Output the entries as they appear, skipping images.

[Captioned web image data]
■ ■ ■ ■ ■ ■ ■

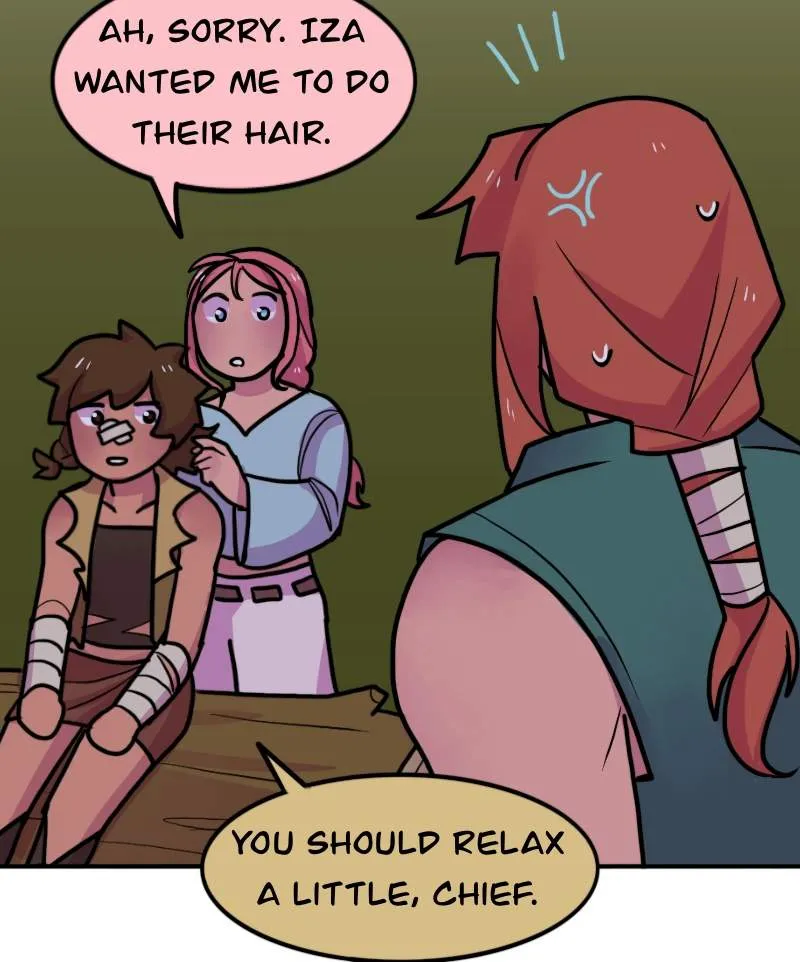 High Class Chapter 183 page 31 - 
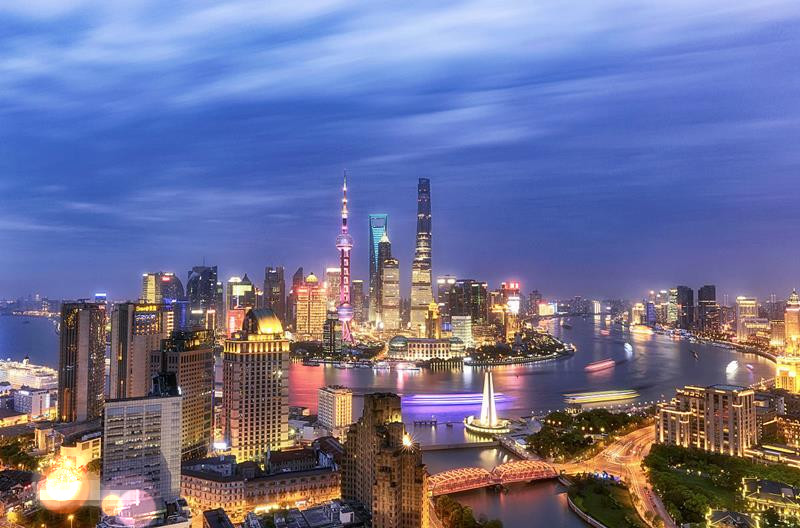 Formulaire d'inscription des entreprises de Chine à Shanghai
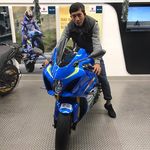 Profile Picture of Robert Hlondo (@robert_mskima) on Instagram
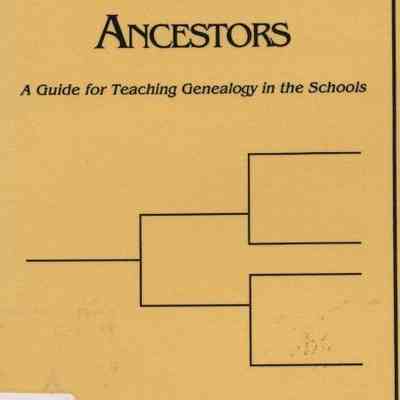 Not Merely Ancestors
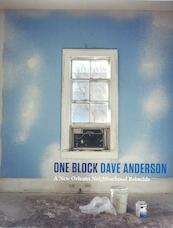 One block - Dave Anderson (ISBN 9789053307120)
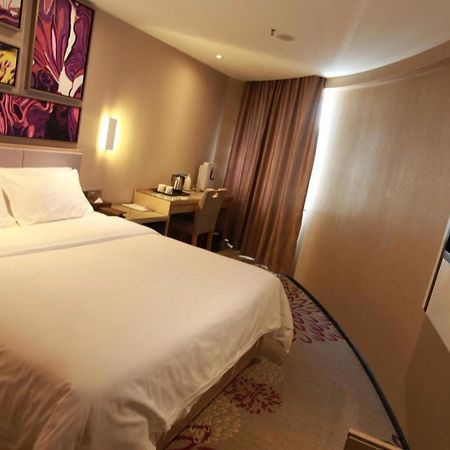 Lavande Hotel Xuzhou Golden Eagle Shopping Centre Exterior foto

■ ■ ■ ■ ■ ■ ■

*RESPONSE TO THE TASK*:
 High Class Chapter 183 page 31 - 
 Formulaire d'inscription des entreprises de Chine à Shanghai
 Profile Picture of Robert Hlondo (@robert_mskima) on Instagram
 Not Merely Ancestors
 One block - Dave Anderson (ISBN 9789053307120)
 Lavande Hotel Xuzhou Golden Eagle Shopping Centre Exterior foto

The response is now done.